動揺、そう動揺だ、隙だ、そういう類のものだ。それを突くように、メイが顔を上げた。
「……やられたからには……“復讐”、しないとねぇ?」
その言葉に別の意味で心臓が跳ね、そして次の瞬間にはあたしも水を引っ被っていた。いや、メイが殊更にべしょついてきたという意味ではなく。ホースを奪われ、そんで普通に水をぶっかけられた。
「……なにすんのよっ」
「やられたらやり返さなくちゃね」
「だ、から、あたしのは故意じゃないってばっ」
「わざとじゃなければなにやっても許されると思ったら大間違いだよマリぃ──うぉっ」
小憎たらしい表情があたしの心をざわつかせる。さっきの申し訳ない気持ちはどこへやら、やり返さずにはいられない。だからあたしはホースを奪い返してもう一発食らわせてやった。
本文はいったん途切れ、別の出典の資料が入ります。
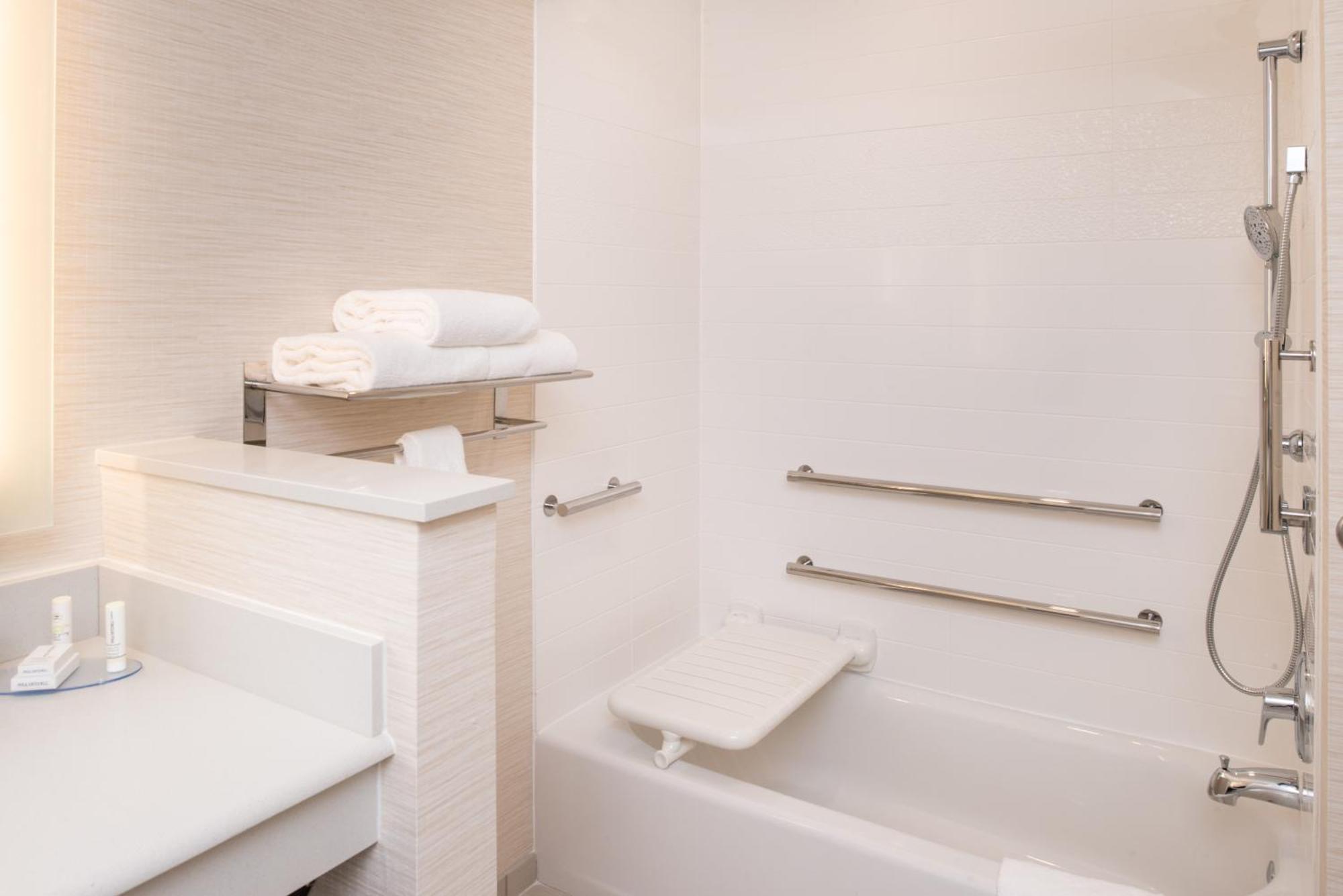 Fairfield Inn & Suites By Marriott Akron Stow Экстерьер фото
そしたらまあもう、そこからしばらくはホースの奪い合い水のかけ合い。ほんの一瞬だけ洗浄という仕事も忘れて、あたしはどうにか、メイに参ったと言わせようと躍起になってしまった。それは、数分にも満たないあいだだったけれども。
「……くしゅっ」
「うわ、マリくしゃみかわいっ」
「……うざ、っ、んきゅしゅっ」
「あっはは、無理に抑えようとするから、ぁ、ひ、……っしょぃっ」
「……っ、くくっ、あんたのは祭りのかけ声みたいね」
「や、もうちょい可愛げのあ、るっ、んしょあっ」
秋も随分と深まってきていて、濡れた体に秋風は思いのほか堪えた。それで正気に戻れた、とも言える。さすがに教師から注意された。